7. It was also contended on behalf of the appellant that Section 198 makes certain provisions of the Tenancy Act applicable to muafidars but that Section 180 is not one of these provisions. The argument proceeded that the inclusion of certain sections meant the exclusion of others. This argument is a perfectly correct argument but it fails to notice that the word 'tenant' is not used anywhere in. Section 180 of the U. P. Tenancy Act and that the provisions, to which effect is given by Section 198, were provisions relating to hereditary tenants. Since by the definition of the word 'tenant' contained in Section 3, Sub-section (23) a muafidar would not be deemed to be a tenant, he would not be entitled tothe benefits of the sections referred to in Section 198, unless such provision was made to that effect. It was for this reason that Section 198 was enacted. It cannot exclude from application sections which are couched in general language like Section 180 and are not confined to suits by hereditary tenants.
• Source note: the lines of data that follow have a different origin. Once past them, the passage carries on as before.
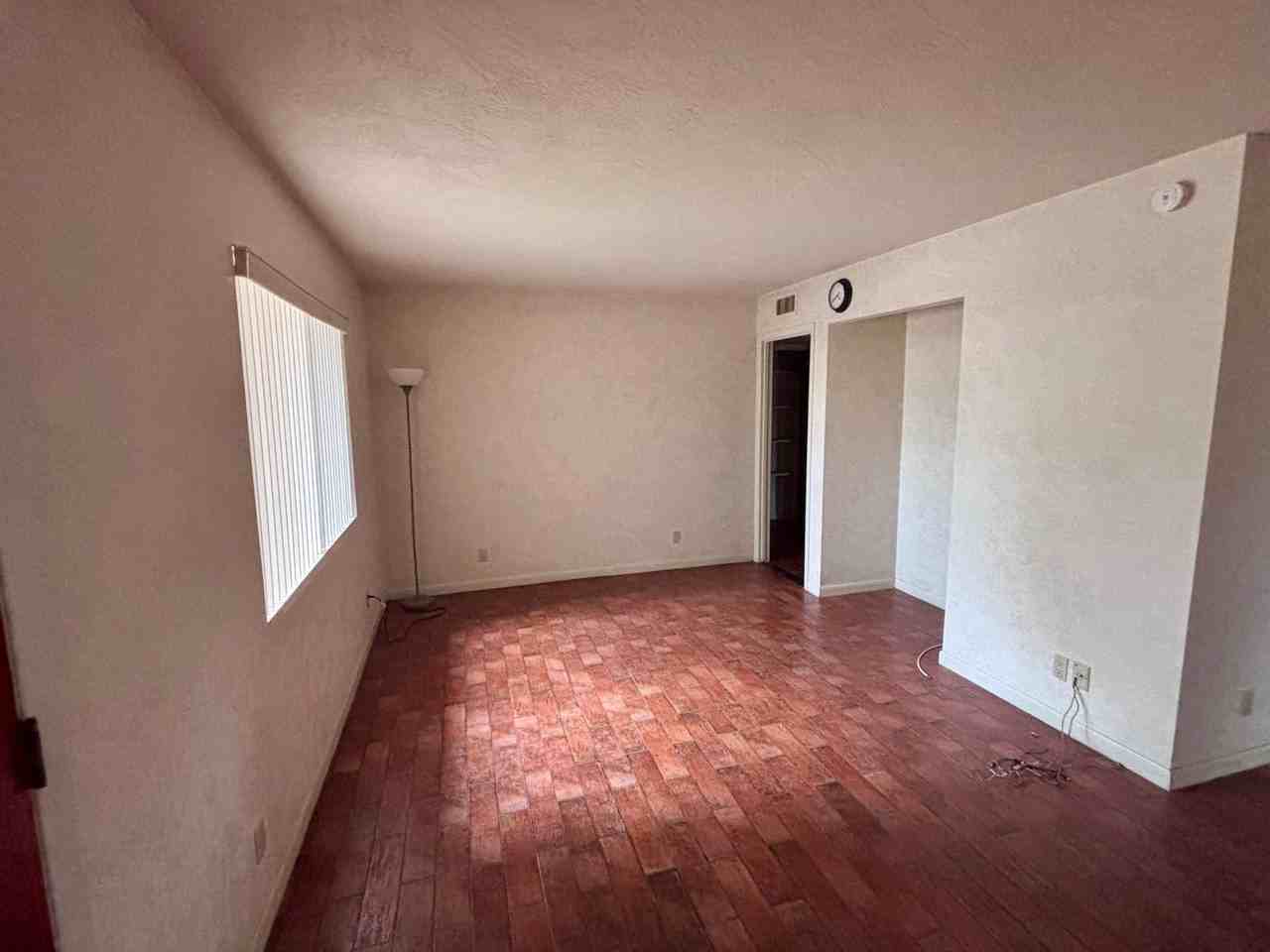 1322 1322 E 5 Star Blvd. - Photo 4 of 18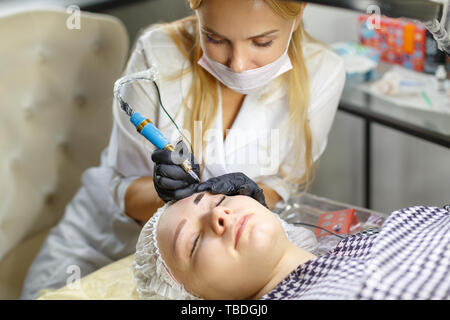 Microblading Augenbrauen Arbeitsablauf in einem Schönheitssalon. Frau mit ihren Augenbrauen getönt. Semi-Permanent Make-up für Augenbrauen. Konzentrieren Sie sich auf das Modell von Gesicht und ey Stockfoto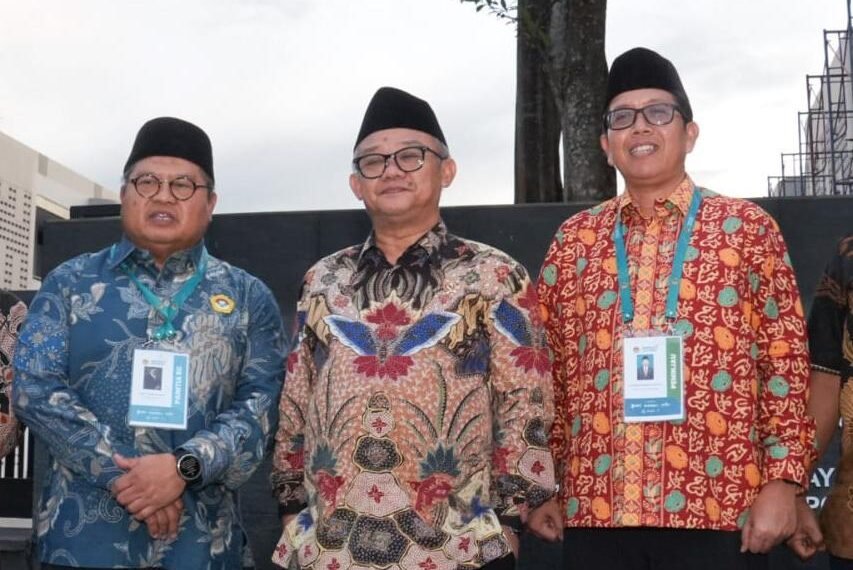 Ketum terpilih DPP LDII, Dody Taufik Wijaya, Menteri Pendidikan Dasar dan Menengah, Abdul Mu'ti, Ketua DPD LDII Kota Depok, Chairul Baihaqi. (LINES)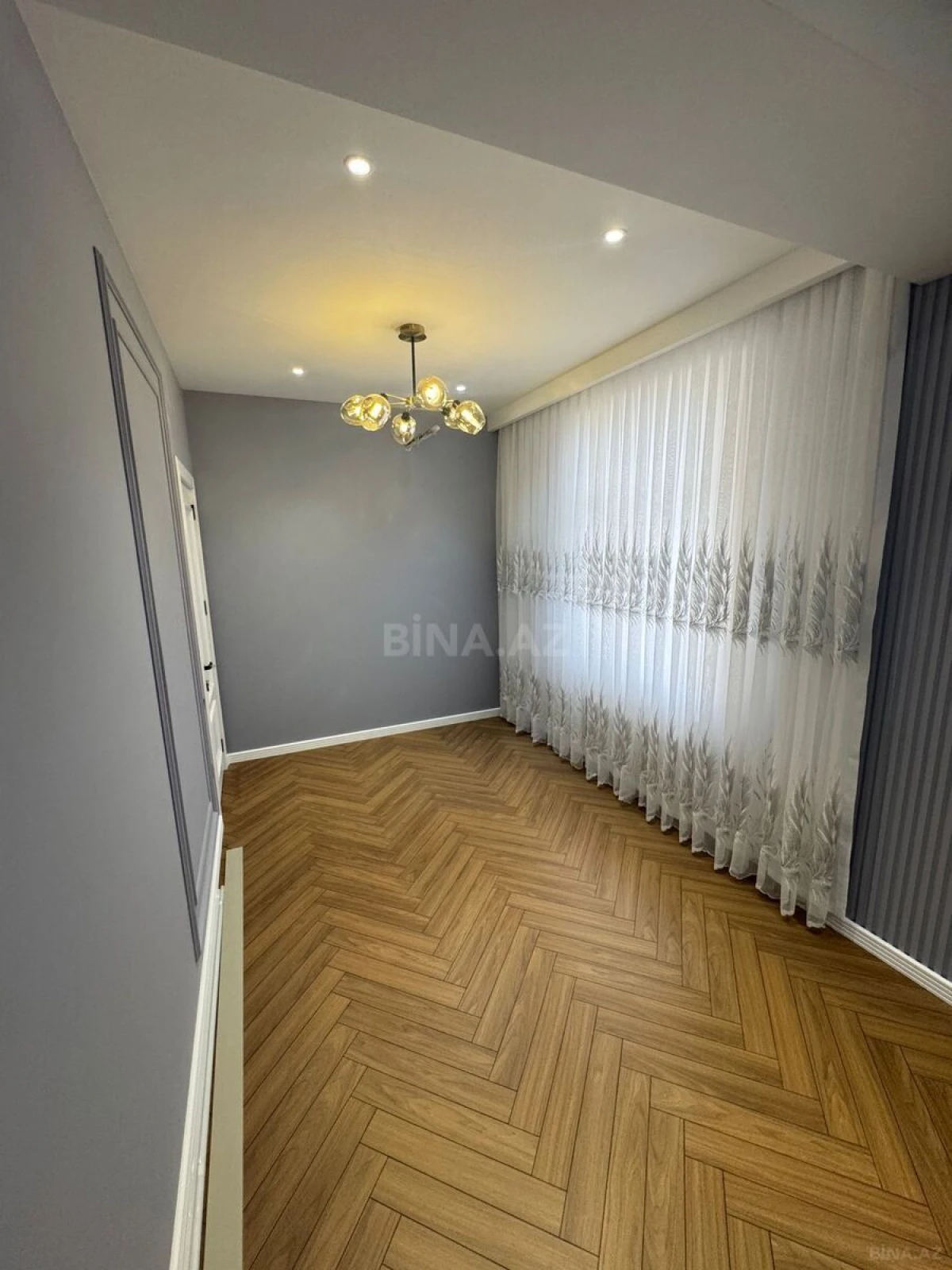 Satılır 4 otaqlı mənzil 137 m²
8. It was also contended that in the presentcase there was no assertion in the plaint that any dispute as to tenancy had arisen before the suit was filed. The case of -- D. N. Rege v. Muhammad Haider : AIR1946All379 was relied upon. That case related to an entirely different set of circumstances and has no application to the present case. That was a case based upon an earlier Pull Bench decision in which it was laid down before the amendment of the U. P. Tenancy Act in 1947 that the forum depended upon the allegations contained in the plaint. If those allegations indicated that the suit was against a person who was alleged to be a tenant or who had claimed tenancy rights before the institution of the suit, the revenue court would be the proper court to decide the point. We are not concerned with the old Section 180 but with the. new Section 180 and this has made matters quite clear. That decision, therefore, cannot help the appellant.
9. Since the present suit is covered by Section 180 of the U. P. Tenancy Act and it had not been decided by the trial Court till long after the enforcement of the amendment made to Section 180 it was the revenue court that had jurisdiction to decide the case. The order of the lower appellate Court, therefore, that the plaint should be returned for presentation to the proper court is the proper order and cannot be set aside.
10. This appeal, therefore, fails and is dismissed with costs.